§ The records
-----

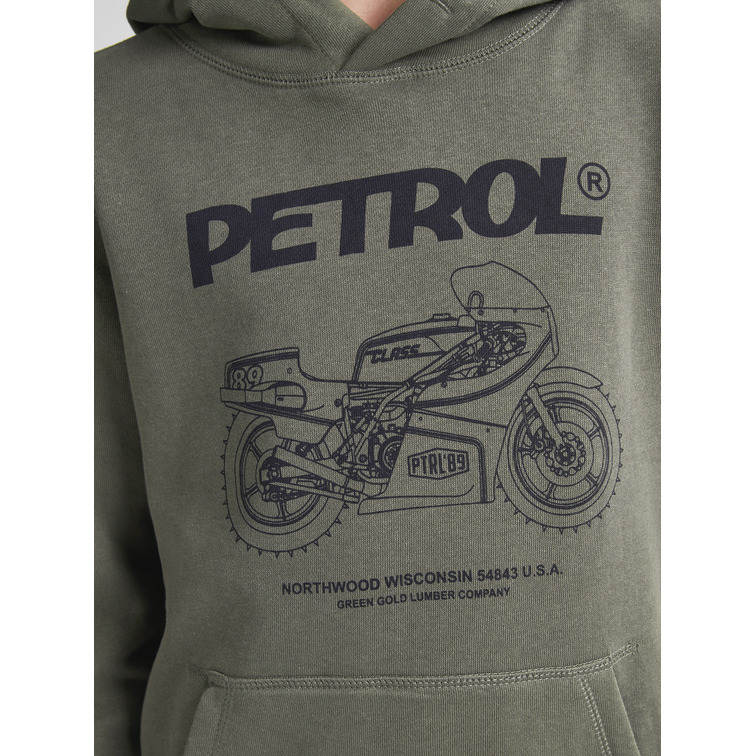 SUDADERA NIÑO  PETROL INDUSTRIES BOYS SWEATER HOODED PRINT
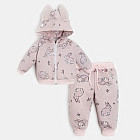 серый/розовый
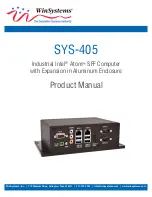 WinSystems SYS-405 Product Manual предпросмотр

-----

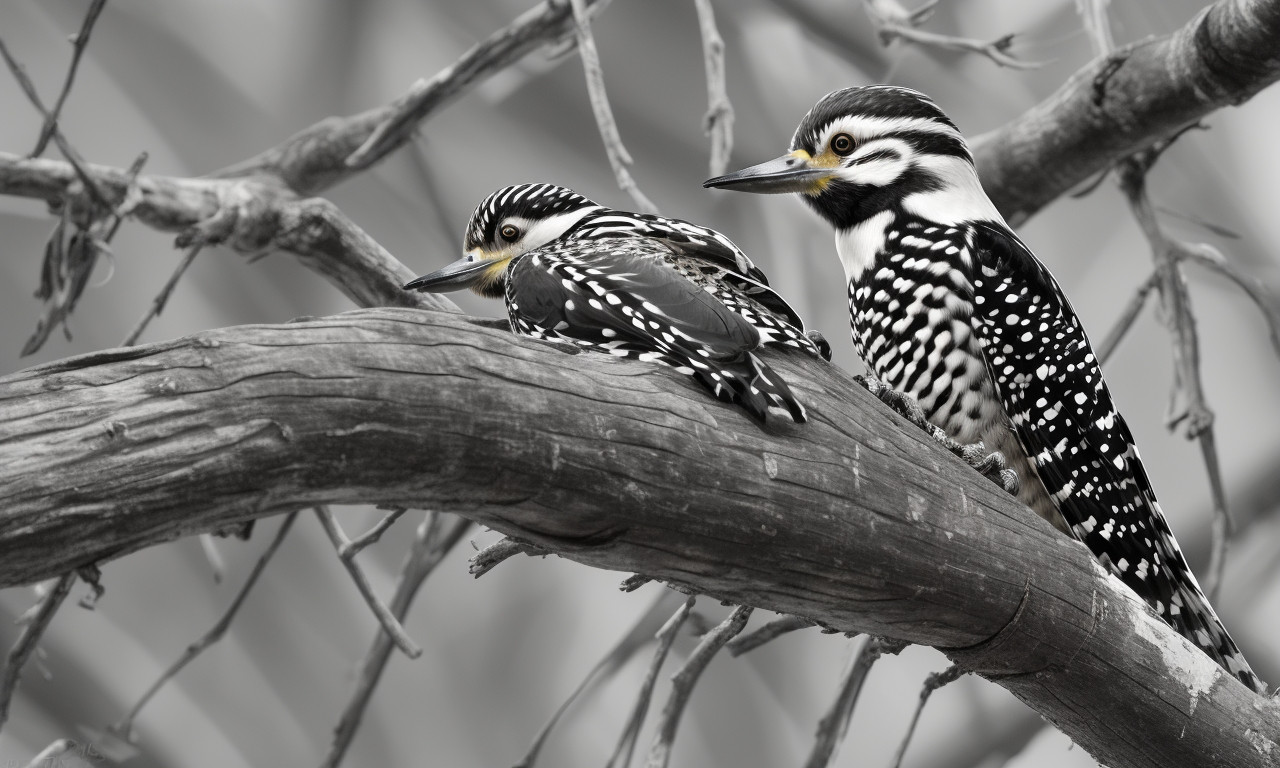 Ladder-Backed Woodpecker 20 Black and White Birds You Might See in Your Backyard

-----

§ What is required
Could you transcribe exactly the entries above, but only the lines from the one with "серый/розовый" through the one with "WinSystems SYS-405 Product", and without pictures?

§ Your response
 серый/розовый
 WinSystems SYS-405 Product Manual предпросмотр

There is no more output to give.